Question: With stickiness = false is there still stickiness is a single request?
drewB opened this issue · comments
If stickiness = false, I know that the same db connection will not be used for subsequent requests but I am unclear what the behavior is during a single request.
For example:
user = User.find(1) #would go to some reader
user.posts.create(:text, "hello") #master
posts = user.posts.all #would this go to master or a reader?
So would user.posts.all stick to master or would it grab a reader?
If it does not stick for the request then could we get that behavior by turning stickiness on but setting master_ttl = 0 (or near 0)?
I did some testing of this today and this is what I found:
If stickiness = false then it does NOT stick during a single request.
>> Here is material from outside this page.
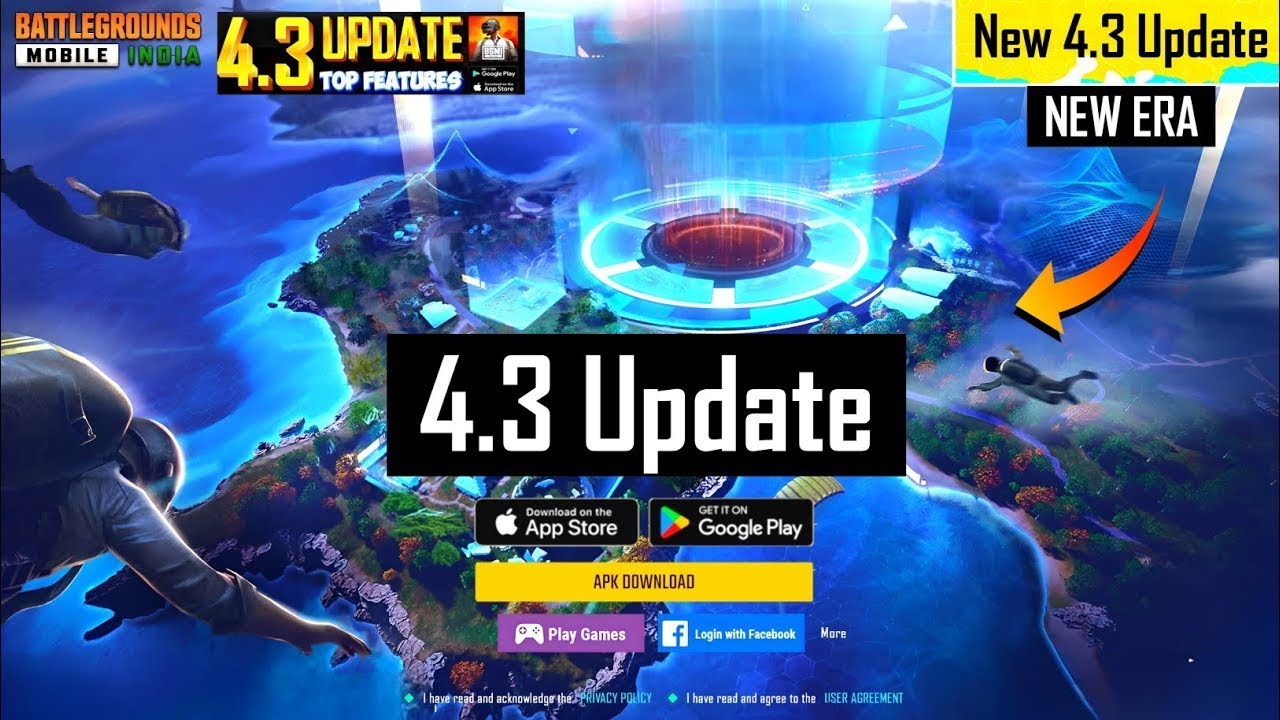 4.3 update here | Let’s explore new event | 800 sub today possible?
So in my example above posts = user.posts.all
would go to a reader.
If stickiness = true and master_ttl is set to a very low number (i tried 0.01) then it will stick for the entire request (even if longer than master_ttl).
That's my understanding as well. Stickiness is a concept between SQL calls. Setting it to false
(or using the block) might be right in a situation with known writes that have nothing to do with the reads, for example.
maybe there's a case to be made for cookie=false
(or some better name) to not do it between requests.
@drewB thanks for the proactive investigation to your own question!
Thanks for confirming what I saw.
Yes, I think that is where the ambiguity is. Cause it isn't really between SQL calls (see #206). It is between requests where request #1 is the first one to make a write sql call. Maybe just an improvement to the README would clear things up. I will create a PR to try and clear that up.